Many of the stories and vignettes in “Last Car Over the Sagamore Bridge” are an impeccable page or two in length, and this poetic attention to language and ability to compress, to linger astutely and affectingly in the essential moment rather than become overly and unnecessarily consumed by the “what next?” questions and concerns of plotting, is perhaps the greatest strength of Orner’s writing.
In his 1989 interview with Paris Review, William Trevor — elder statesman of Irish literature, as well as one of our greatest contemporary writers of short fiction — provided this response when asked for his definition of a short story:
“I think it is the art of the glimpse. If the novel is like an intricate Renaissance painting, the short story is an impressionist painting. It should be an explosion of truth. Its strength lies in what it leaves out just as much as what it puts in, if not more. It is concerned with the total exclusion of meaninglessness. Life, on the other hand, is meaningless most of the time. The novel imitates life, where the short story is bony, and cannot wander. It is essential art.”

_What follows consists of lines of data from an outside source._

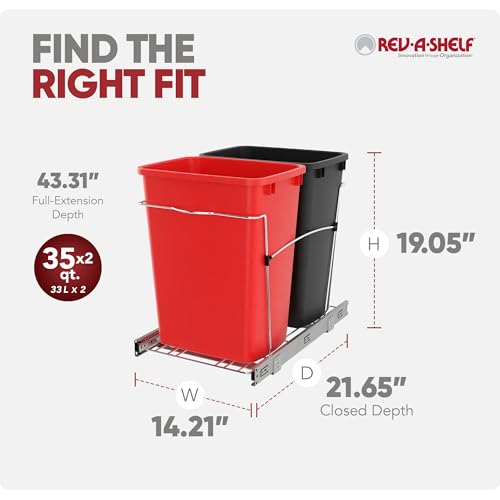 RV-18KD-1618C-S Double Pullout Trash Can for Kitchen Cabinets 35 Qt Garbage Recycling Bin on Full Extension Slides, Red/Black (Red & Black)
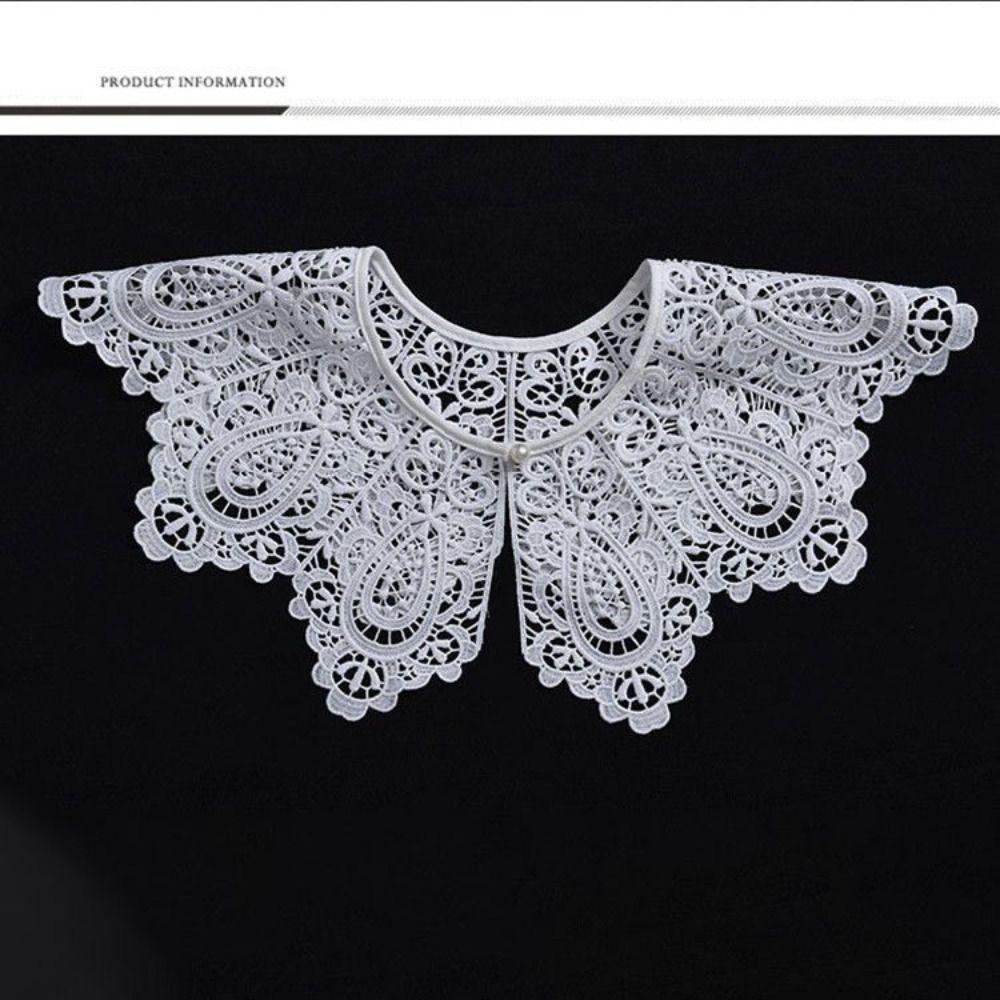 Modischer Spitzenkragen Falscher Kragen Abnehmbares Hohlmuster Falscher Kragen Weißes Halstuch Accessoire Modeaccessoire für Damen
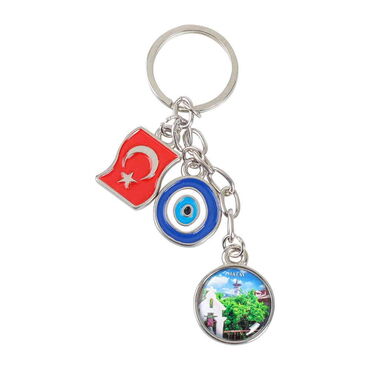 Hatay Themed Metal Evil Eye Enamel Keychain - 6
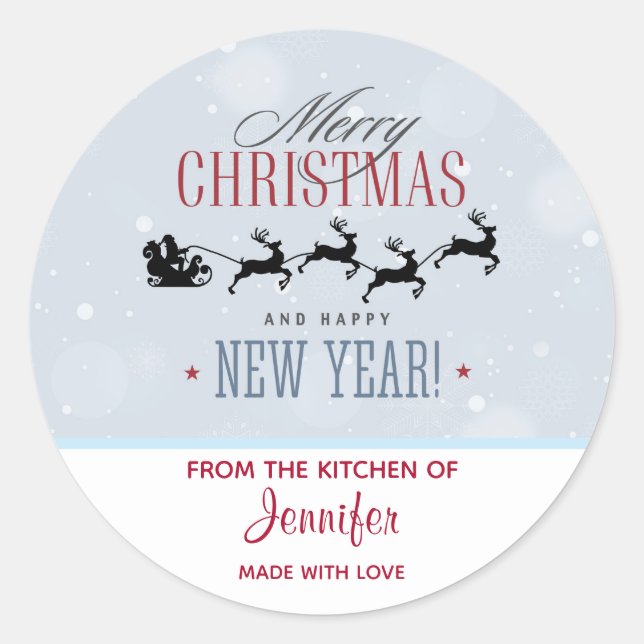 Santa and his Flying Reindeer Christmas Kitchen Classic Round Sticker (Front)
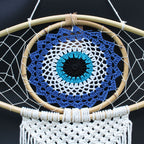 Large Macrame Evil Eye Dream Catcher - Blue, White & Black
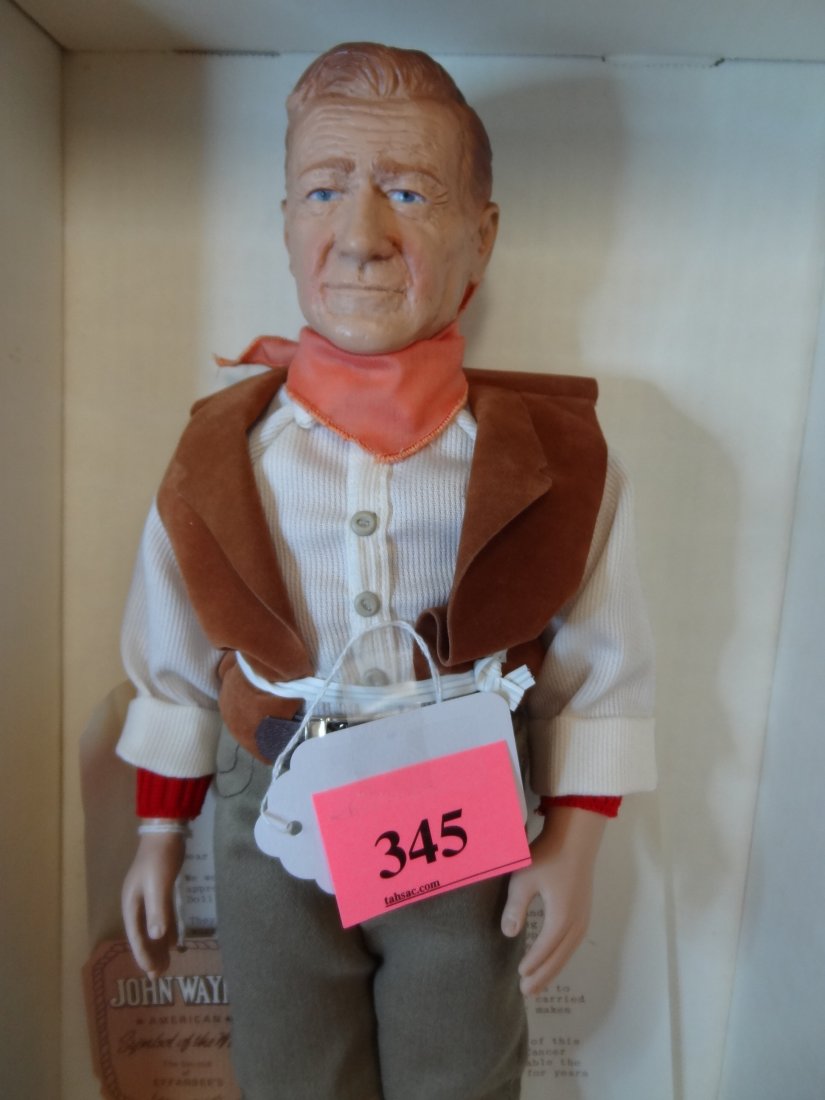 17'' EFFANBEE RUBBER JOHN WAYNE DOLL, NEW IN BOX,: 17'' EFFANBEE RUBBER JOHN WAYNE DOLL, NEW IN BOX, INCLUDES HAT WITH GUN AND LETTER BLUE PAINTED EYES, BROWN PAINTED HAIR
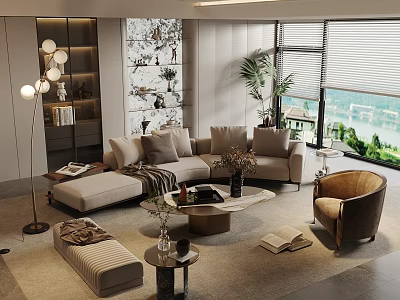 Modern Sectional Sofa Coffee Table Combination with Potted Plants Floor Lamp and Decorative Rug 3d model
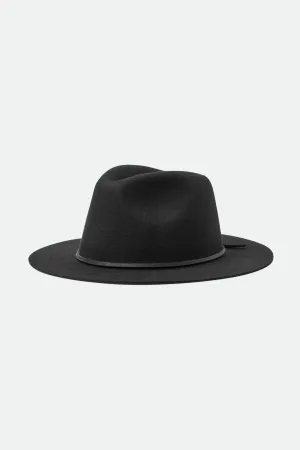 Wesley Packable Fedora - Black/Black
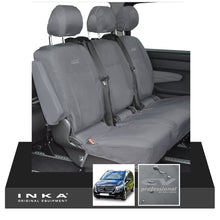 Load image into Gallery viewer, INKA Mercedes Benz Vito , V Class W447 Rear Crew Cab Waterproof Seat Covers Grey (Choice of 7 Colours) - CV Professional Embroidery
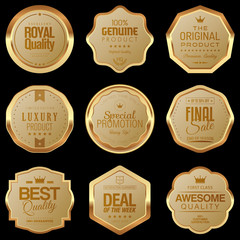 Set of golden icons. Luxury advertising badges.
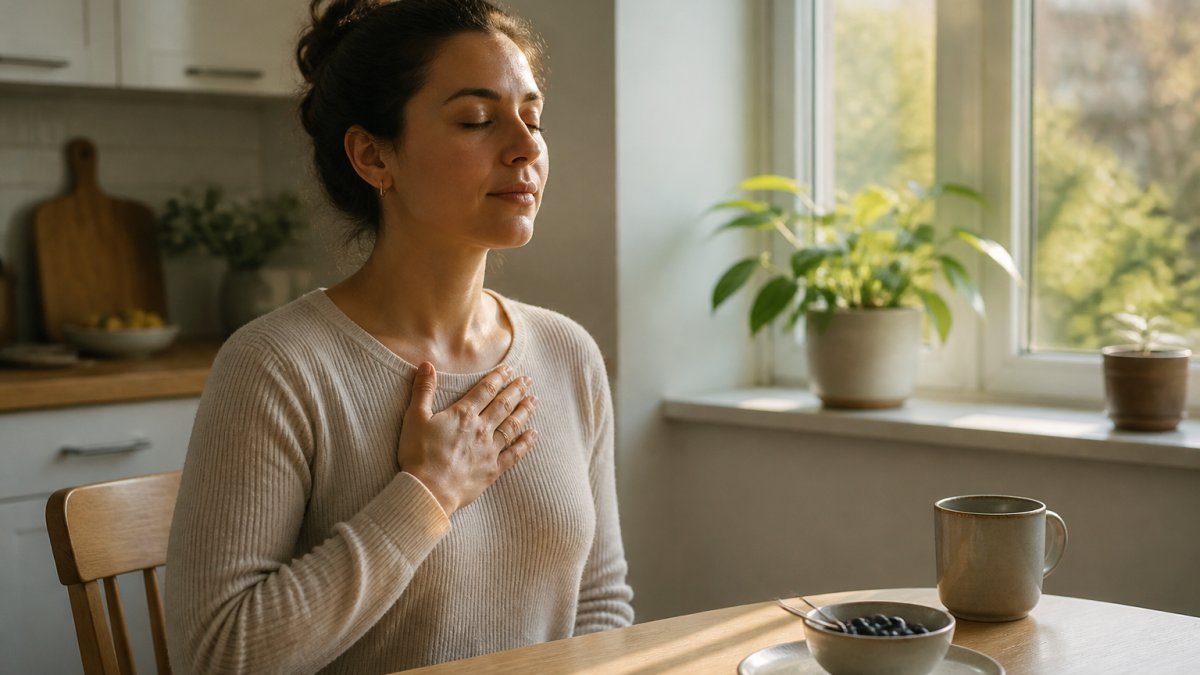 A person sitting calmly at a kitchen table with one hand resting on their chest, eyes closed, morning light through the window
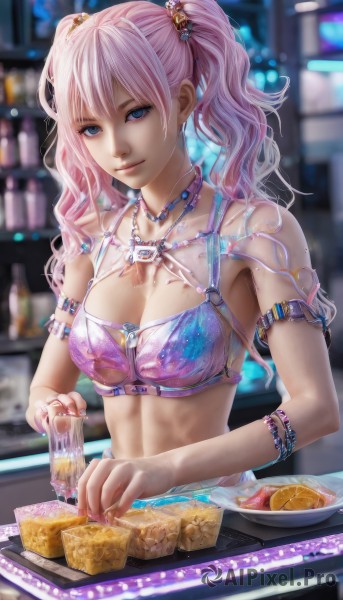 1girl,solo,long hair,breasts,looking at viewer,smile,blue eyes,hair ornament,cleavage,twintails,jewelry,medium breasts,swimsuit,upper body,pink hair,food,midriff,necklace,nail polish,blurry,bracelet,cup,blurry background,ring,armlet,realistic,bangs,closed mouth,bikini,lips,bikini top only,alcohol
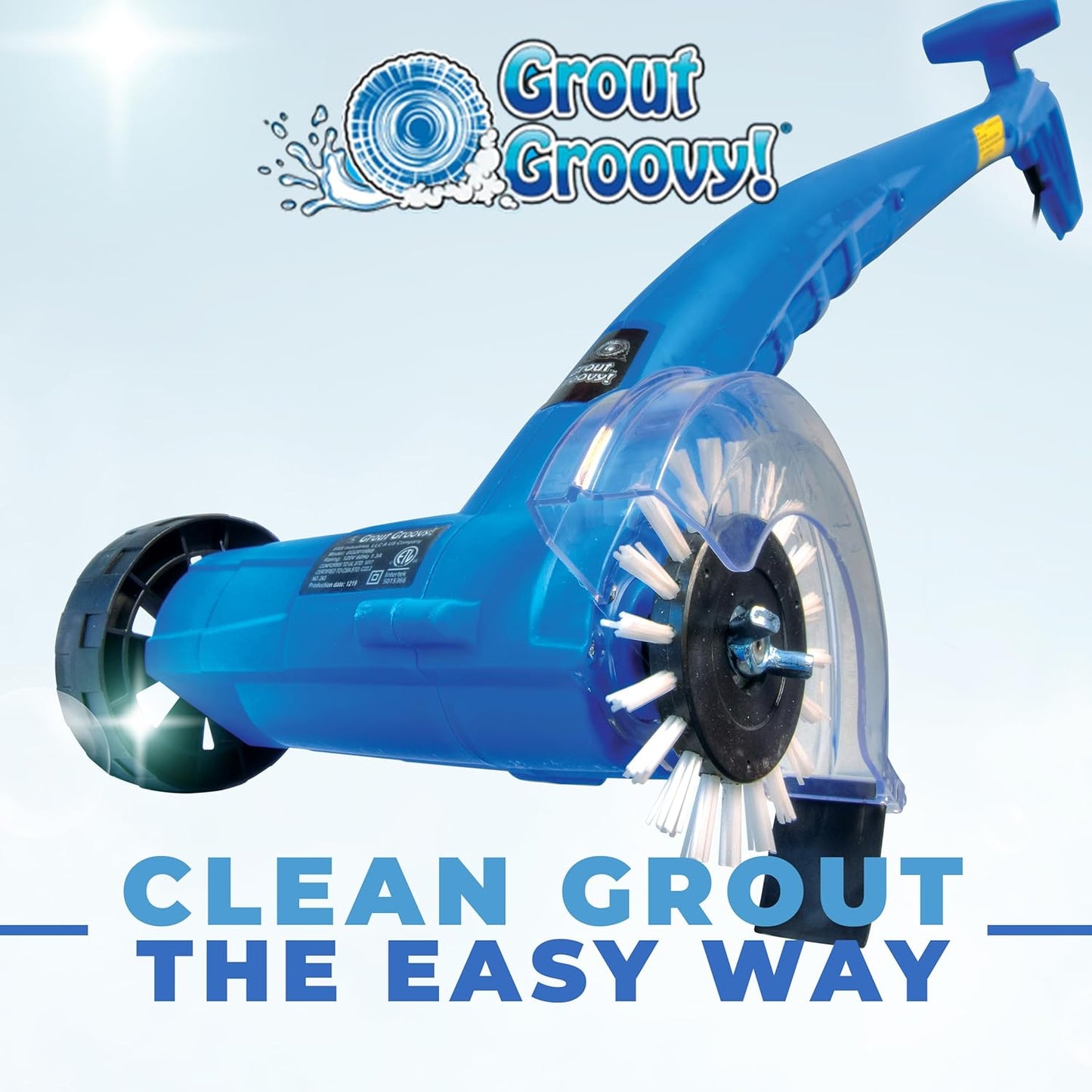 Grout Groovy! Electric Stand Up Lightweight Grout Cleaning Machine, Safely Cleans Grout Floor Tiles, Cleaning Brush Wheel, 20’ Cord, 120 V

An explosion of truth. If, as writer and critic Randall Jarrell once quipped, a novel is indeed “a prose narrative of some length that has something wrong with it,” the creators of short stories often, and perhaps typically, aspire for something more gemlike in their effect upon the reader. With “Last Car,” Orner has created 51 such carefully carved moments (in a book just under 200 pages in length), a mix of contemporary and historical pieces that provide snapshots of an impressive range of compelling places and characters.
Because of the range of the selections in the book, “Last Car” defies easy descriptions. In these pages we encounter Russian writer Isaac Babel’s final days (“Lubyanka Prison, Moscow, 1940”), Geraldo Rivera’s humiliating encounter with Al Capone’s vault (“Geraldo, 1986”), a paroled killer’s response to a letter from an angry citizen (“Nathan Leopold Writes to Mr. Felix Kleczka of 5383 S. Blackstone”), a woman whose husband dies before their divorce can be finalized (“The Divorce”), an unsolved murder that occurs in the restroom of a Chinese restaurant in a New England strip mall (“February 26, 1995”), and a coming-of-age moment shared by a boy and his brother beneath the same Chappaquiddick bridge where Mary Jo Kopechne met her tragic end (“Dyke Bridge”).
There is also a linked series of stories that revisit the fictional Kaplan family of Fall River, Mass., an array of expertly rendered characters introduced by Orner over a decade ago in “Esther Stories” (and who provide a recurring through-line of sorts for the book — as do several untitled and italicized single-paragraph selections that have the feel of memoir).
So yes, varied subject matter for sure, but Orner’s infatuation with certain themes provides more than enough cohesion to justify and explain the inclusion of each piece. For example, Orner is clearly a writer concerned with politics, both external and personal, as well as the effects of place and time, memory and loss, hidden lives and secrets.
Throughout “Last Car,” Orner explores these common themes, using them to build bridges between these seemingly disparate narratives. Accordingly, however different these stories are superficially, one great triumph of this collection is that they somehow still feel quite connected and fused.
And regarding bridges, both metaphorical and actual, consider the following passage from the title story of the book:
“I drove the last car over the Sagamore Bridge before the state police closed it off. The Cape Cod Canal all atempest beneath. No cars coming, no cars going. The bridge cables flapping like rubber bands. You think in certain circumstances a few thousand feet of bridge isn’t a thousand miles?”
Like this bridge in this moment, the lengths of these stories seem irrelevant when one considers the power of these essential glimpses Orner gives us. Taken as a whole, this is an important book, one that will wash over readers and create a sensation similar to that of moving slowly through a museum, encountering masterpiece after masterpiece, those impressionistic paintings of which Trevor speaks.